Try it — With the exception of the pictures, write out the data below precisely.

Records for this task —
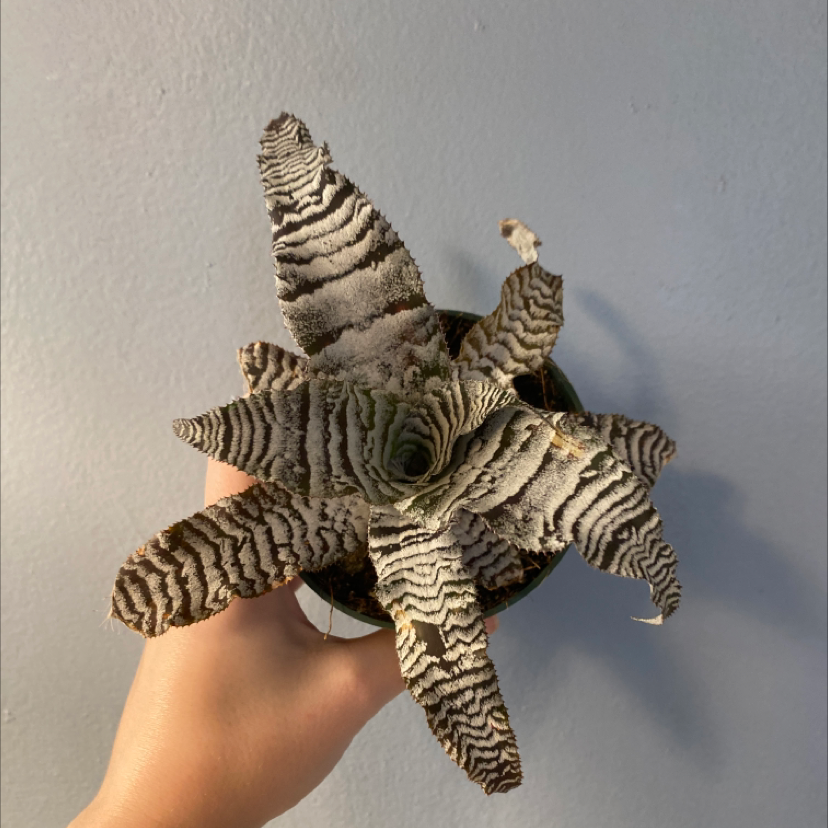 Photo of the plant species Zebra Plant by @Chicabam named Zebra plant on Greg, the plant care app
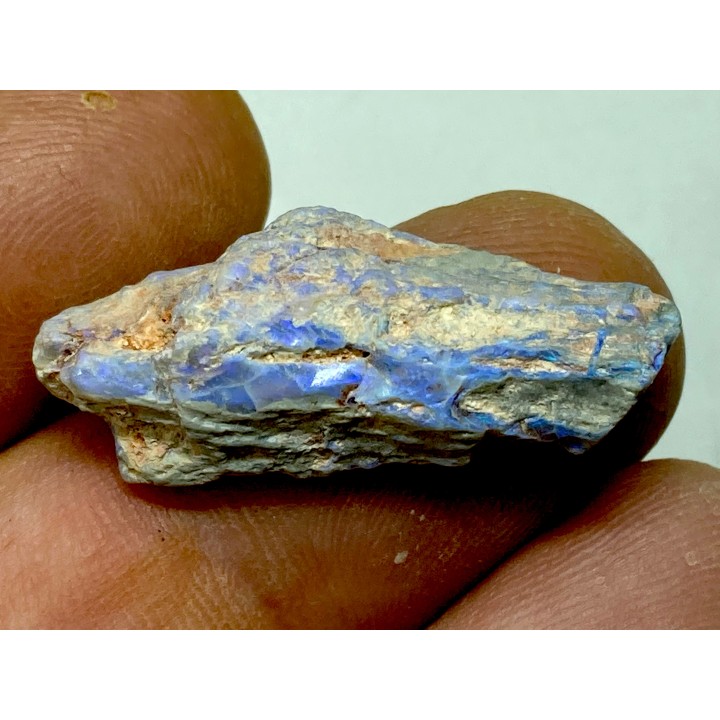 blue opale wood - coober pedy - Australia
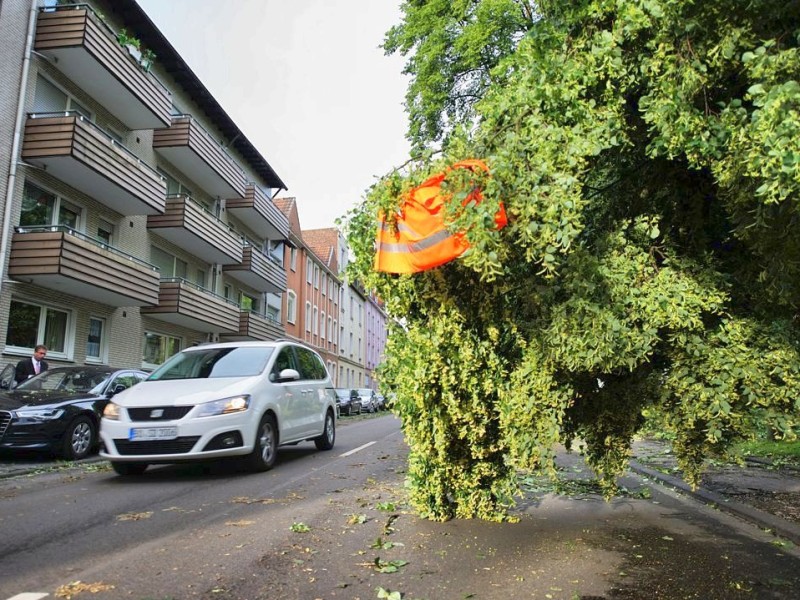 ...die mit dem Auto zwischen umgefallenen Bäumen unterwegs waren.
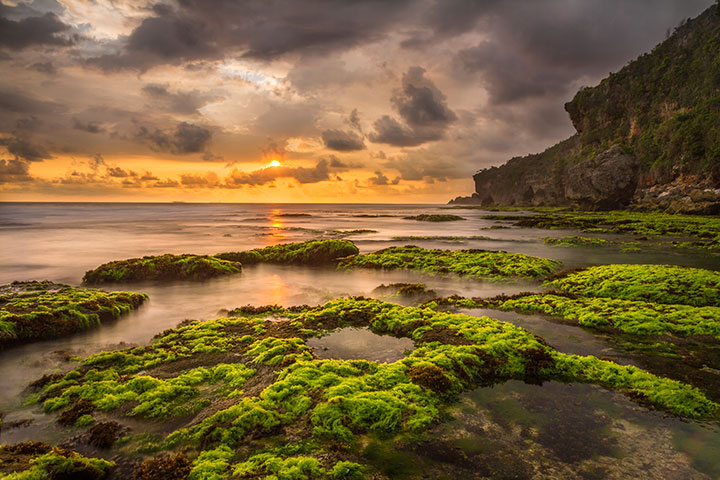 pantai butuh jogja
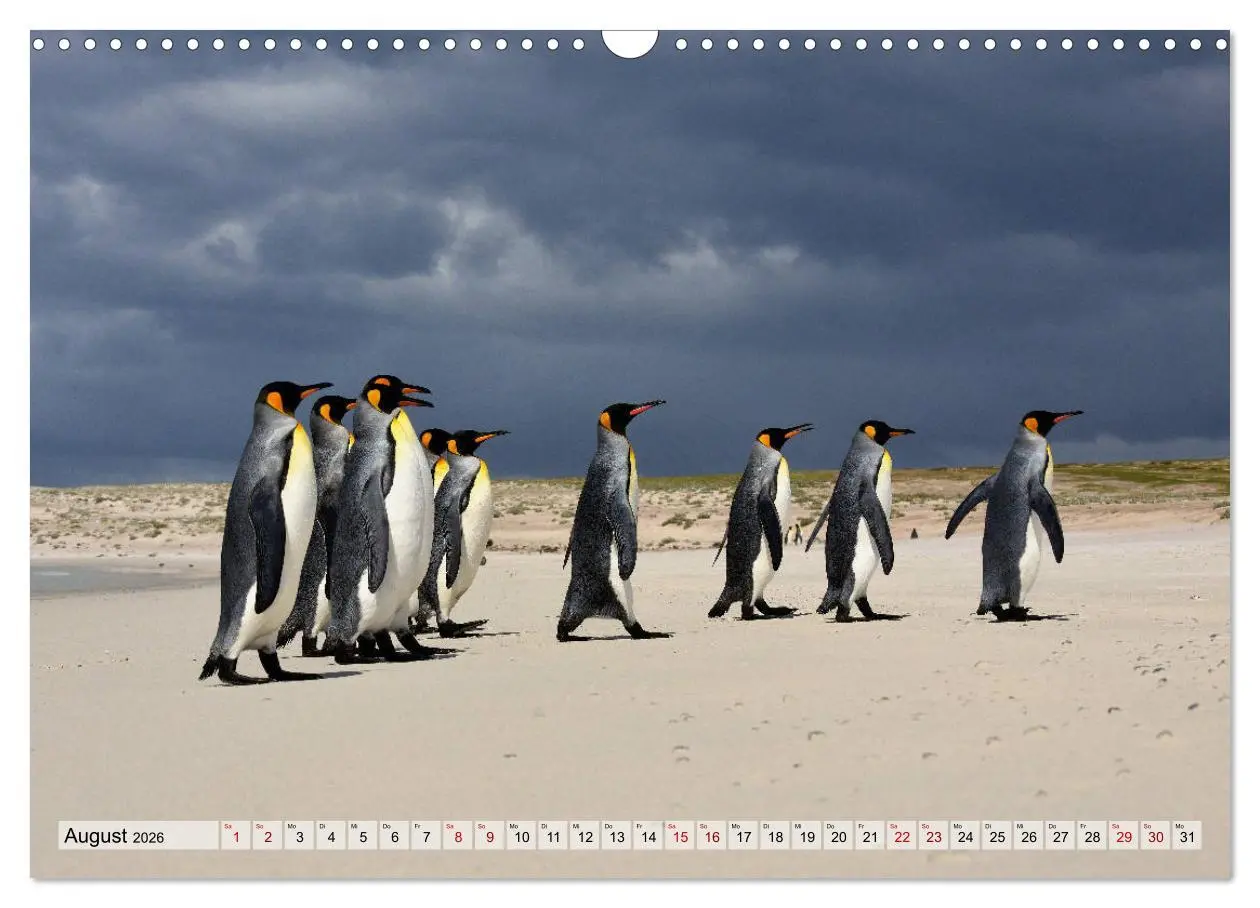 Bild: 9783457796276 | Pinguine der Falkland Inseln (Wandkalender 2026 DIN A3 quer),...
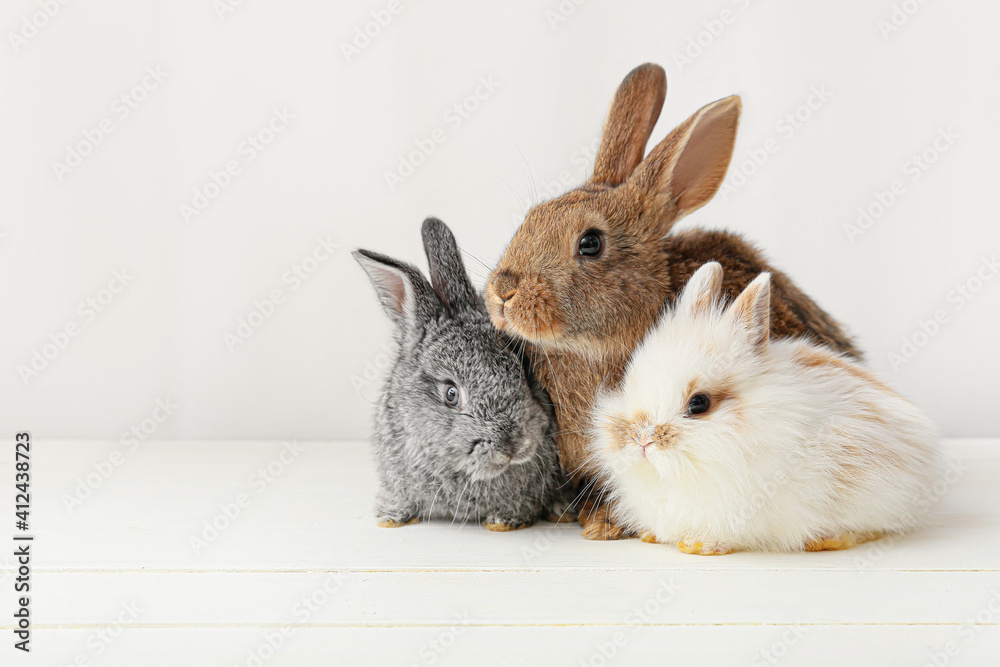 Cute funny rabbits on light background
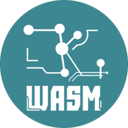ZKWASM Live Price, Chart and Marketcap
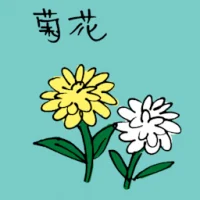 Chrysanthemum (3517) illustration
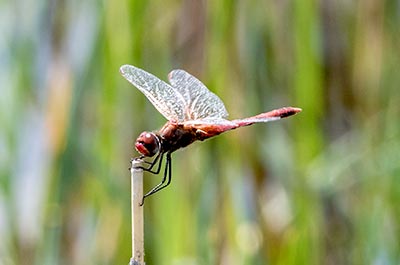 Red-veined Darter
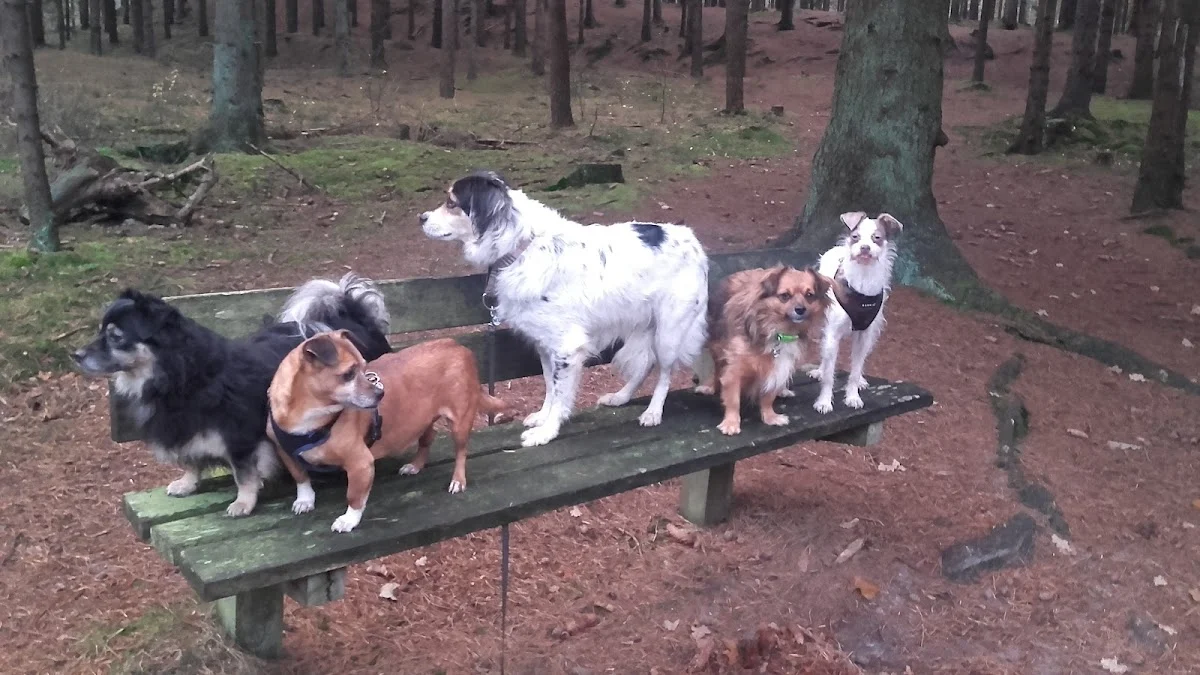 Stichting Dierenmissies - 2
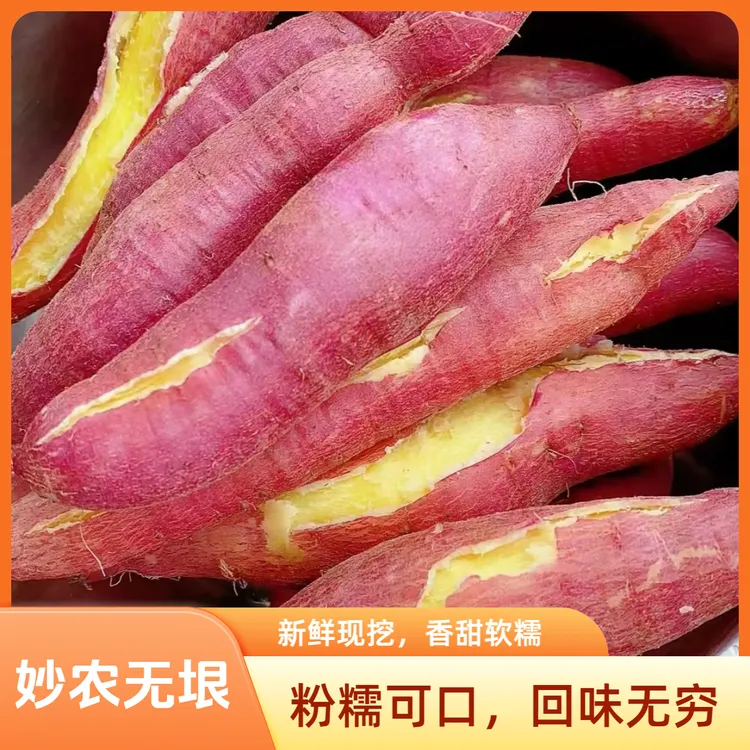 陕西正宗新鲜板栗薯现挖健康粗粮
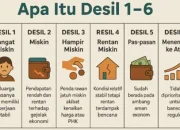 Pahami Arti Desil 1 Sampai 10 dalam DTSEN dan Cara Mengeceknya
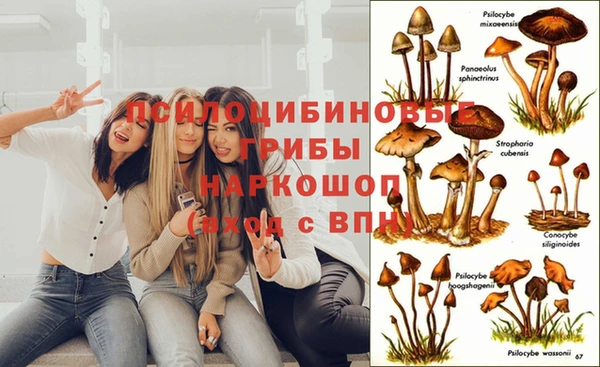 амф Алзамай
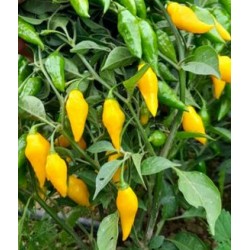 Piment fort Lemon Chile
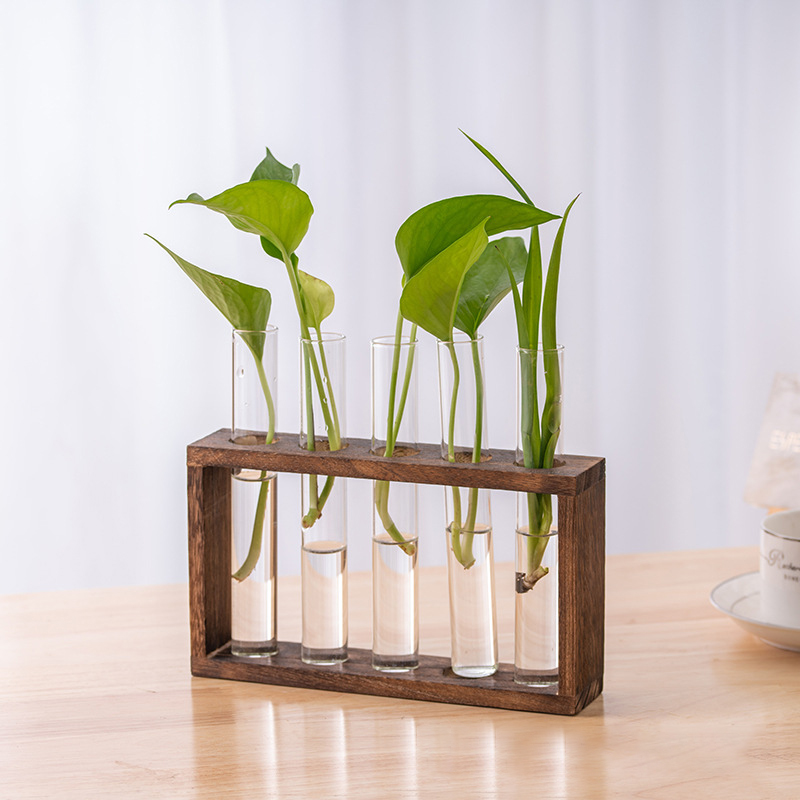 Hydroponic Plants Container wi - Hydroponic Grow Pod 评论和价格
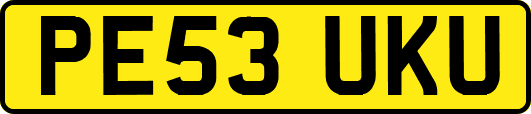 PE53UKU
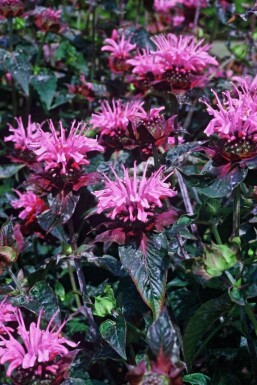 Monarda 'Beauty of Cobham'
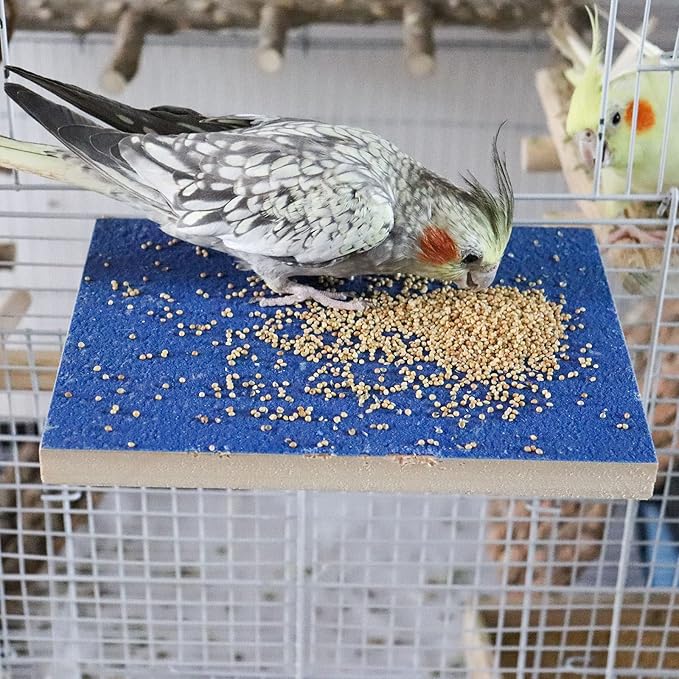 7.9×5.9 Inches Large Bird Perch Stand Platform, Natural Wooden Bird Cage Accessories, Bird Stand Perch with Rough Quartz Sand Surface for Parrot, Parakeet, Budgies, Cockatiel, Rats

Exercise answer —
 Photo of the plant species Zebra Plant by @Chicabam named Zebra plant on Greg, the plant care app
 blue opale wood - coober pedy - Australia
 ...die mit dem Auto zwischen umgefallenen Bäumen unterwegs waren.
 pantai butuh jogja
 Bild: 9783457796276 | Pinguine der Falkland Inseln (Wandkalender 2026 DIN A3 quer),...
 Cute funny rabbits on light background
ZKWASM Live Price, Chart and Marketcap
 Chrysanthemum (3517) illustration
 Red-veined Darter
 Stichting Dierenmissies - 2
 陕西正宗新鲜板栗薯现挖健康粗粮
 Pahami Arti Desil 1 Sampai 10 dalam DTSEN dan Cara Mengeceknya
 амф Алзамай
 Piment fort Lemon Chile
 Hydroponic Plants Container wi - Hydroponic Grow Pod 评论和价格
 PE53UKU
 Monarda 'Beauty of Cobham'
 7.9×5.9 Inches Large Bird Perch Stand Platform, Natural Wooden Bird Cage Accessories, Bird Stand Perch with Rough Quartz Sand Surface for Parrot, Parakeet, Budgies, Cockatiel, Rats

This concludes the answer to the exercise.